The high bandwidth required by TV continues to be the “killer application” for FTTH. The 3DTV demonstration by Olleh KT and the South Korean cable television operator CJ HelloVision were of high quality helping pave the way for high acceptance.
And NTT’s Next Generation Services Joint Development Forum serves as an example to nurturing emerging services and support fast tracking them to commercialization. The Forum is an incubator for marketing and technology consulting. It provides NGN test beds, value added interfaces, and supports the development of new services on its network.
These FTTH developed regions, including Singapore are also increasing data rates to 1 Gbps per subscriber.
Cost remains the biggest challenge for anyone to deploy FTTH. Sharing a network can help and providing an open platform may create an innovative business environment. Australia’s National Broadband Network serves as one example that will be examined closely as it emerges.
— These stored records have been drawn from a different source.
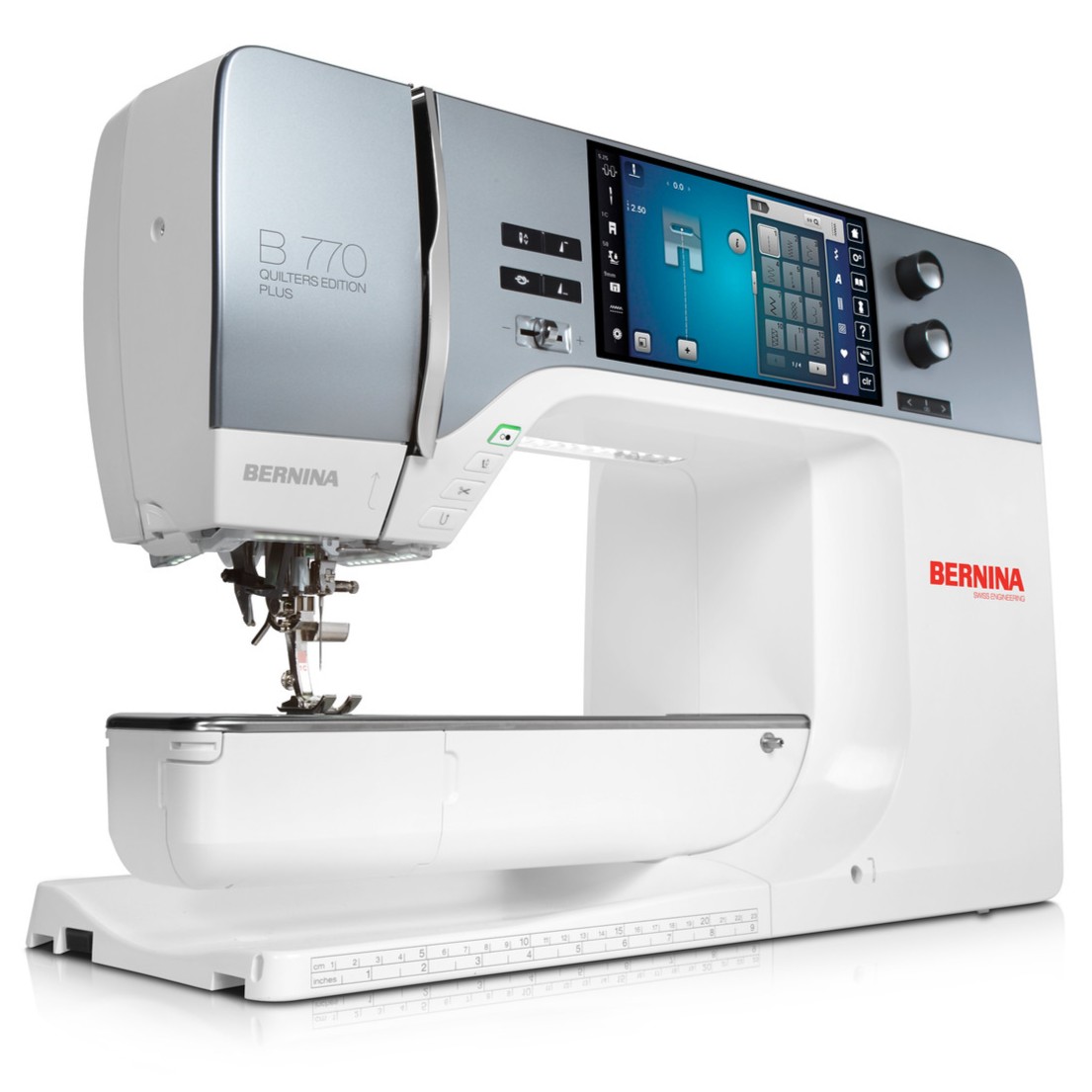Máquina de Coser Bernina 770 Quilters Edition Plus - Imagen 2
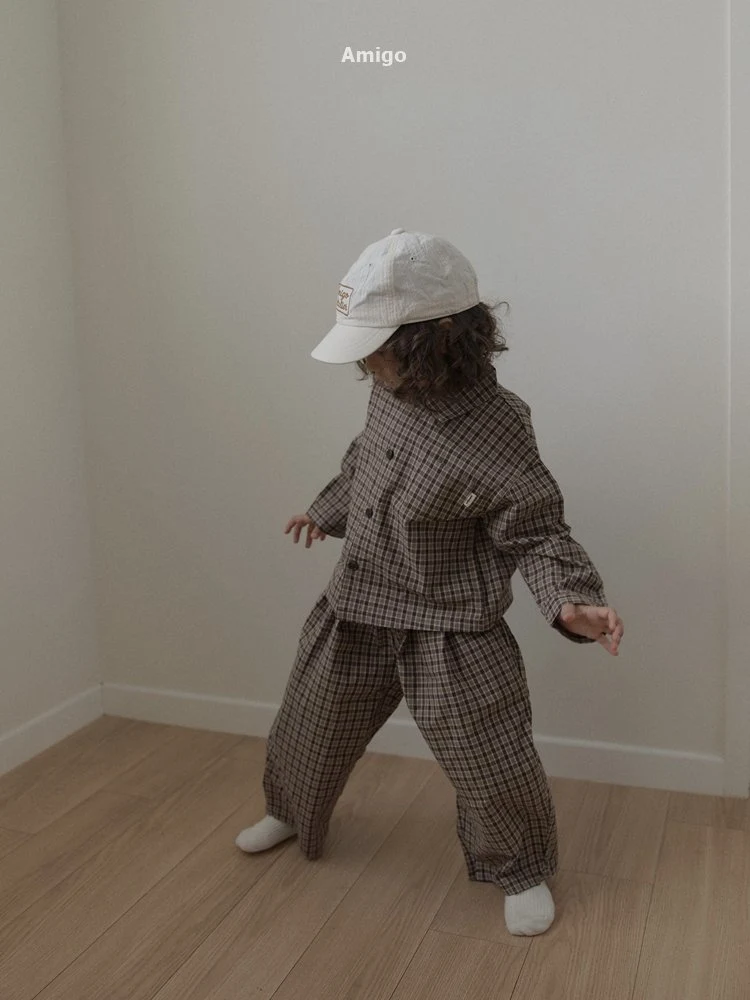Amigo - Korean Children Fashion - #stylishchildhood - Domino Pants - 5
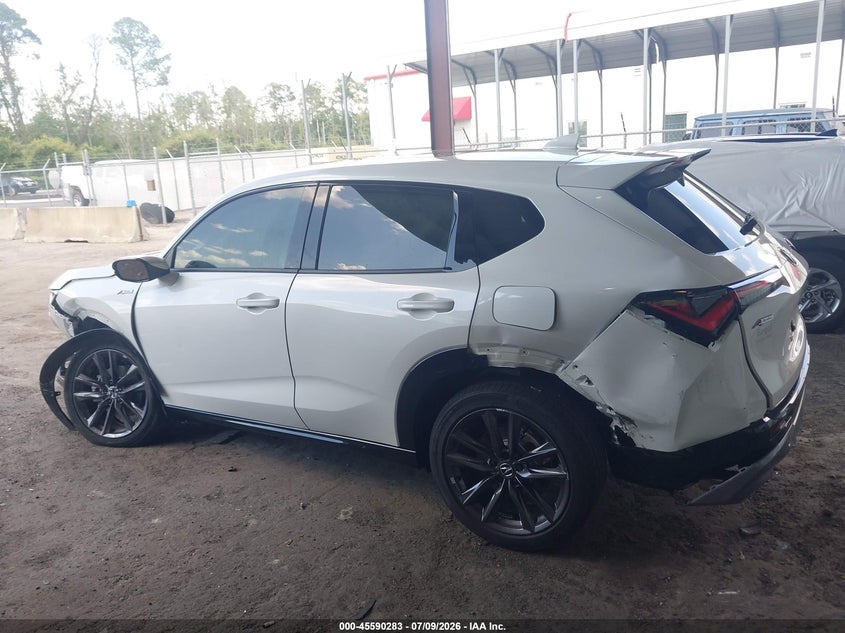 2025 Acura Adx A-Spec VIN: 3HDSA1H5XSM709951 Lot: 45590283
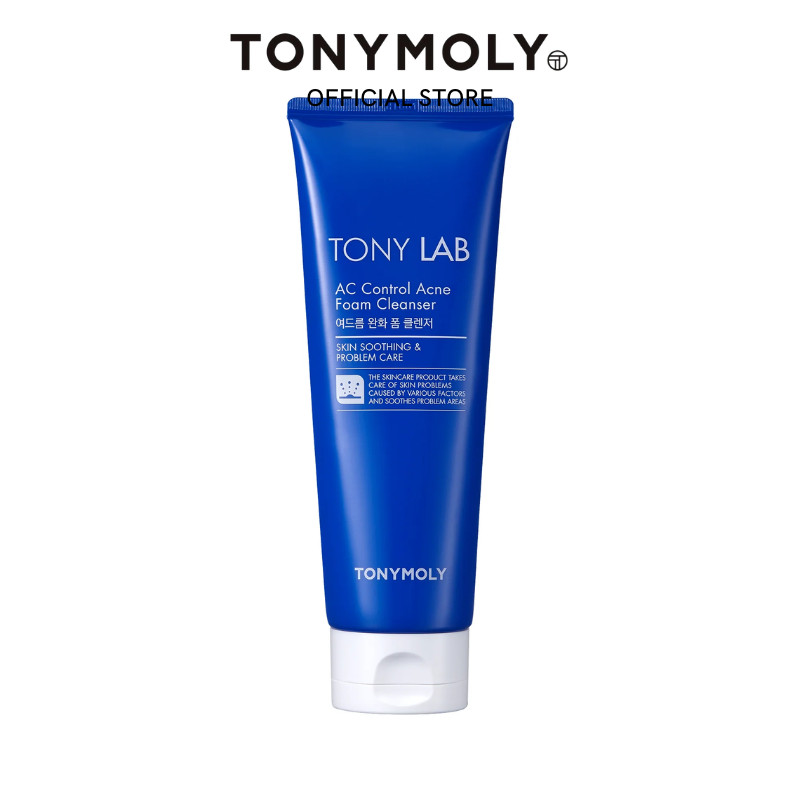 Jual Tony Moly Tony Lab AC Control Acne Foam Cleanser 150ml | Shopee ...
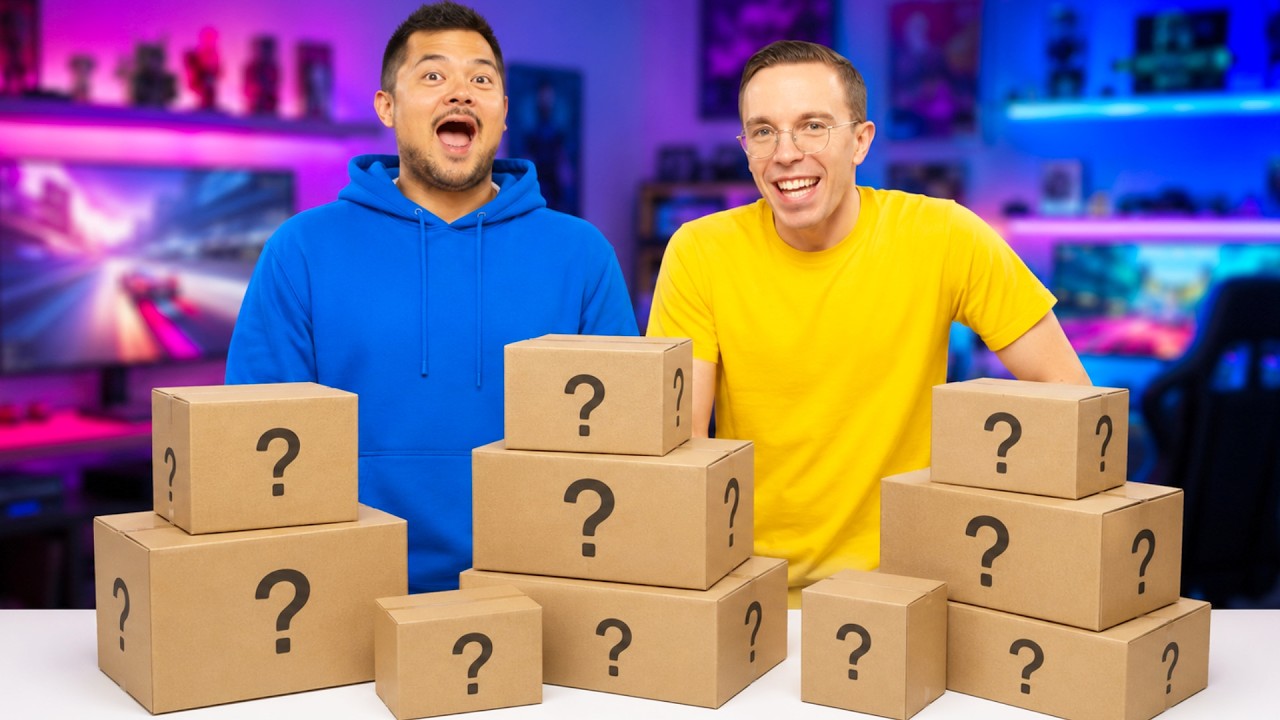 We Wasted $1760 on MYSTERY TECH
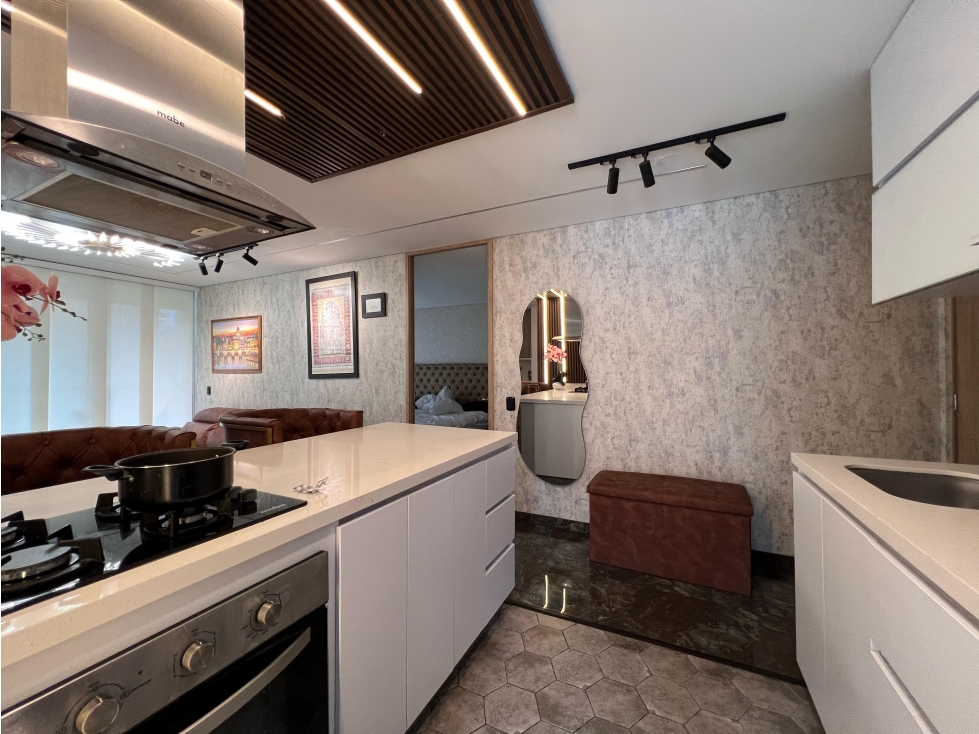 Apartamento en alquiler en El Poblado — foto 2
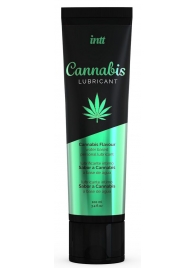 Интимный гель на водной основе Cannabis Lubricant - 100 мл. - INTT - купить с доставкой в Первоуральске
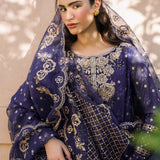 Iznik | Bandhani | UE-325 Embroidered Chiffon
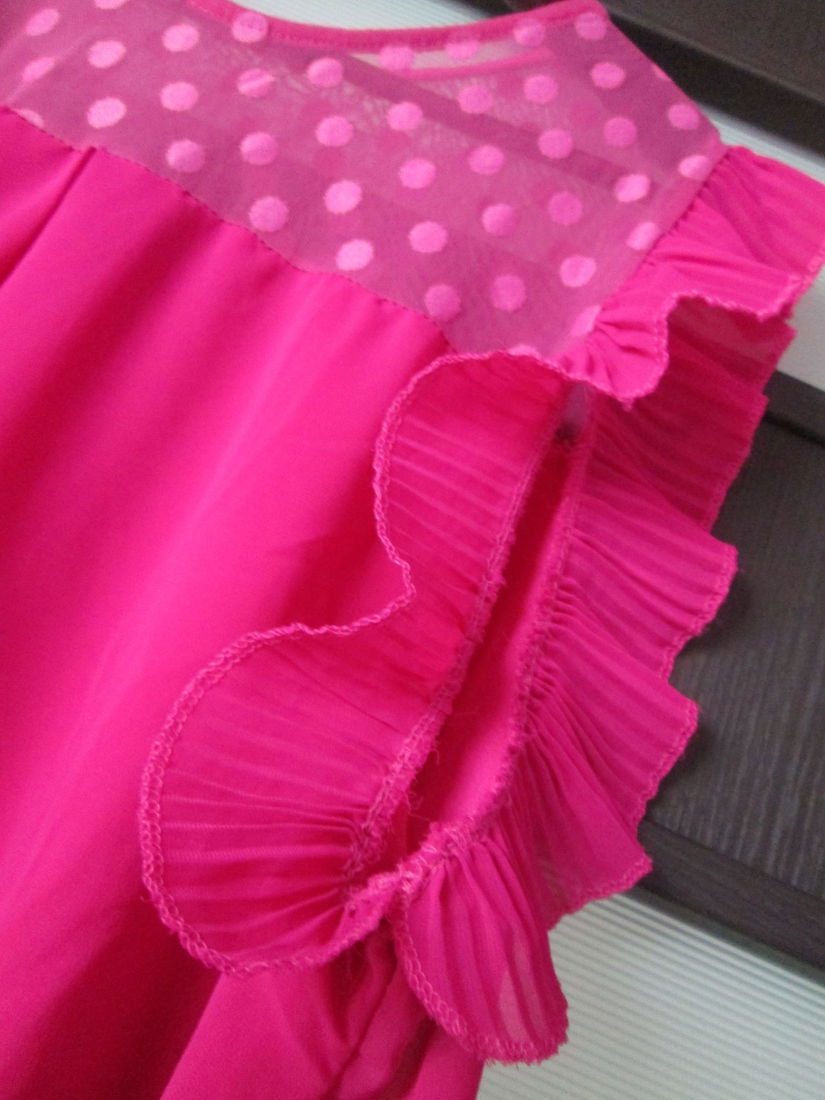 bluza cyclamen dame XL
The government targets serving 90% of its population notwithstanding the fact that it is more geographically dispersed than Japan or South Korea thereby making fiber deployment expensive.
Furthermore it is challenged with building a cooperative relationship with the Telstra, the leading incumbent telecom operator.
Nonetheless, the government appears intent of building one FTTH network. The current proposal is that the network operator can only offer wholesale services. Competition is proposed for providers to deliver services above layer 2 presenting what appears to be a favorable situation for end-user service providers. But a challenge for this model is managing stacked margins so services are cost competitive for end-users.
New Zealand and Singapore are also pushing structural separation models and it is being recommended in France.